Support hours: eight hours a day (for example 9-17 CE(S)T), Monday to Friday – excluding public holidays of the hosting organization.

Maintenance

  • Requirements gathering
  • Maintenance of probes to test the functionality of the service
  • Documentation

Software Compliance

  • Unless explicitly agreed, software being used and developed to provide the service should:
    • Be licensed under an open source and permissive license (like MIT, BSD, Apache 2.0,...).
      • The license should provide unlimited access rights to the EGI Foundation and EGI federation member organisations.
    • Have source code publicly available via a public source code repository (if needed a mirror can be put in place under the EGI organisation in GitHub.) All releases should be appropriately tagged.
    • Adopt best practices:
      • Defining and enforcing code style guidelines.
      • Using Semantic Versioning.
      • Using a Configuration Management frameworks such as Ansible.
      • Taking security aspects into consideration through at every point in time.
      • Having automated testing in place.
      • Using code reviewing.
      • Treating documentation as code.
        • Documentation should be available for Developers, administrators and end users.

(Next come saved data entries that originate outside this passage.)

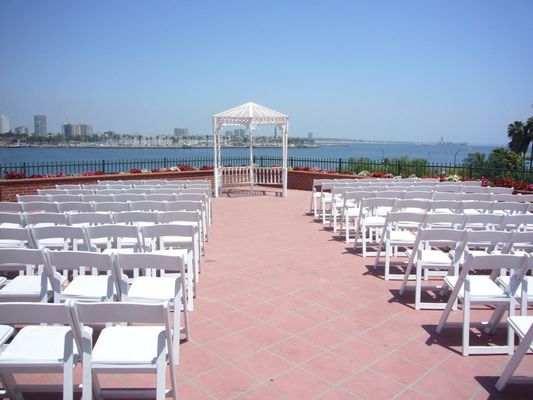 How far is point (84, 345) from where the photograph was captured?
9.30 ft

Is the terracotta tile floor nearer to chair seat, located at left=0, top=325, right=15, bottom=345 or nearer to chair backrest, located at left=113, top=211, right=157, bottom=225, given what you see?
chair seat, located at left=0, top=325, right=15, bottom=345

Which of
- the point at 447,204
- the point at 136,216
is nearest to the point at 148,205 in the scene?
the point at 136,216

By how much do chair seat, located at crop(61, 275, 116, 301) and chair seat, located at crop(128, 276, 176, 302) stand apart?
20cm

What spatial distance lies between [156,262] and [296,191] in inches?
516

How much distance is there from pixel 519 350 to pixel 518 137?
2038 inches

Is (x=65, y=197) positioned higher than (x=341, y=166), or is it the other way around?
(x=341, y=166)

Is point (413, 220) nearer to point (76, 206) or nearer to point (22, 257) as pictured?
point (22, 257)

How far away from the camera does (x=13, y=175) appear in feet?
45.9

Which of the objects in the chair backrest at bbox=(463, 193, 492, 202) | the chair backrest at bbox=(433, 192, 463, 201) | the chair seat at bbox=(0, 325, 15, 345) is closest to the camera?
the chair seat at bbox=(0, 325, 15, 345)

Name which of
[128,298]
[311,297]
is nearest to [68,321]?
[128,298]

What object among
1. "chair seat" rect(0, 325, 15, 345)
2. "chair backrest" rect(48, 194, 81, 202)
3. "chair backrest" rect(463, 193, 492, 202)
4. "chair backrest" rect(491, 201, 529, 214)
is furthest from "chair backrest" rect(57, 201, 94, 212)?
"chair backrest" rect(463, 193, 492, 202)

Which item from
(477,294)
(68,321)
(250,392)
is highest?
(68,321)

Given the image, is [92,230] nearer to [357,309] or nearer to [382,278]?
[357,309]

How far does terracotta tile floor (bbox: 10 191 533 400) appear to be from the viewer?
3.48 meters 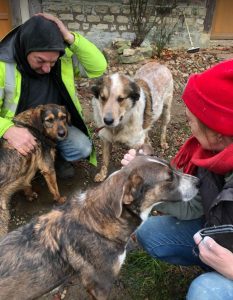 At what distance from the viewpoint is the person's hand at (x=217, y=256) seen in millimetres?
2154

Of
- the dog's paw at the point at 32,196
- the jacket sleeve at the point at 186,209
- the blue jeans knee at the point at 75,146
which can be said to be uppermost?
the jacket sleeve at the point at 186,209

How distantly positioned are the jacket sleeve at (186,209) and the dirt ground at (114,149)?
100cm

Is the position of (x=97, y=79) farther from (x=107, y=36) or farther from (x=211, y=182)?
(x=107, y=36)

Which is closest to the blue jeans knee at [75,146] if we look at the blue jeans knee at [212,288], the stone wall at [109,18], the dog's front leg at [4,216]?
the dog's front leg at [4,216]

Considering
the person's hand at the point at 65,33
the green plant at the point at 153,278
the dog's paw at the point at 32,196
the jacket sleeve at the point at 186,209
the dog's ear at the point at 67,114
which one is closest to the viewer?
the jacket sleeve at the point at 186,209

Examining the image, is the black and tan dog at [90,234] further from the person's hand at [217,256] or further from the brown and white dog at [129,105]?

IT Service Management compliance

  • Key staff who deliver services should have foundation or basic level ITSM training and certification.
    • ITSM training and certification could include FitSM, ITIL, ISO 20000 etc.
  • Key staff and service owners should have advanced/professional training and certification covering the key processes for their services.
  • Providers should have clear interfaces with the EGI SMS processes and provide the required information.
  • Providers should commit to improving their management system used to support the services they provide.

Software as a service

In the bid, please provide also information about the possibility to provide the service to external consumers as a Software as a Service. If the provisioning of the activity as a SaaS implies additional effort or other costs, please report these costs separately, not as part of the overall budget of the bid.

Service level targets

The deployment of the services must ensure:

  • Monthly Availability, defined as the ability of a service or service component to fulfil its intended function at a specific time or over a calendar month.
    • Minimum (as a percentage per month) for IdP/SP Proxy, IdP Discovery Service: 99%
    • Minimum (as a percentage per month) for Master Portal: 90%
  • Monthly Reliability, defined as the ability of a service or service component to fulfil its intended function at a specific time or over a calendar month, excluding scheduled maintenance periods.
    • Minimum (as a percentage per month) for IdP/SP Proxy, IdP Discovery Service: 99%
    • Minimum (as a percentage per month) for Master Portal: 90%
  • Response to incident records in GGUS within support hours: Medium (see Description page)*

Effort (EGI-related activities)

Bids planning a effort of about 13 Person Months/year should allow these services and activities to be addressed appropriately.

Effort (EOSC-related activities)

Partners are encouraged to submit details of activities and proposed costing of effort for EOSC Hub related activities. This may include activities related to development of new functionality required by EOSC communities in addition to activities delivering services to these communities.